10 Ekim 2012 Çarşamba

bende bişeyler var...

içimde, anlatamadığım hisler... anlatırsam sanki artacak bazı korkular, endişeler var bu ara... pozitif insanlara ihtiyacım var... konuşmaya ama güzel şeyler konuşmaya hasretim var... kendime dert edindiğim, gereksiz şeylerden kurtulmak istiyorum... sabra ihtiyacım var, biraz da anlaşılmaya... ağlamak istemediğim halde her an ağlayasım var... kötü bişey de olmadı oysa ki... ne olduysa bana oldu, ne olduysa... kısacası duaya ihtiyacım var dostlar, duaya!.. Allah'ım sen sıkıntılarımızı gider, sabır gücümüzü artır, bizi korkularımızdan emin eyle! (Amin!)

25 Eylül 2012 Salı

fotoğraflara dair...

evveeettt... uzun süren araştırmalarım neticesinde bir fotoğraf makinesi alabildim nihayet!.. canon sx130 ıs... çok açıklayıcı oldu tabi markayı yazınca, biliyorum... :)) neyse, geçtiğimiz hafta sonu Pelitli'de yeni evimizdeydim... yeni bi mahalle, farklı ve bilinmeyen yerler... fotoğraf çekmek için yeterli özelliklerdi sanırım... ben de öyle yaptım... pazar sabahı uyanır uyanmaz, kahvaltı bile yapmadan çıktım evden... gezip görülecek, fotoğraflanacak şeyler olmalıydı mutlaka... oldu da!.. neyse efenim uzatacak değilim, çektiğim fotoğraflar amatör ve ben de bu amatörlüğümü sayfamda sergilemek istedim... :) buyrunuz, ilk çekimlerim... ;)

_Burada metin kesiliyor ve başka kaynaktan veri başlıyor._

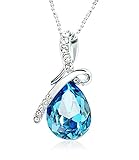 Hot Women Silver Plated Crystal Drop Pendant Necklace Fashion Jewelry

Not: henüz imzamı eklememiş olabilirim ama fotoğrafların tamamı şahsıma aittir, izinsiz kullanımı ayıptır, günahtır, litfen yapmayalım!.. :))






18 Eylül 2012 Salı

gitmek mi zor, kalmak mı?

giden de oldum, kalan da ömrümde... ama fikrim değişmedi hiç; kalmak daha zor diyenlerdenim... gitmekte bir eylem var, gitmek farklı şeyler getirir beraberinde... ama kalmak eylemsizlik, çaresizlik hali... gidenin ardından bakmak ne de zordur... hep bi ümit; geri gelecek diye... kalmak beklemek demek, sabretmek demek, katlanmak demek... ve ben hep kolayına kaçtım.... onun için de şimdi gitme vakti, kalanlardan özür dileyerek...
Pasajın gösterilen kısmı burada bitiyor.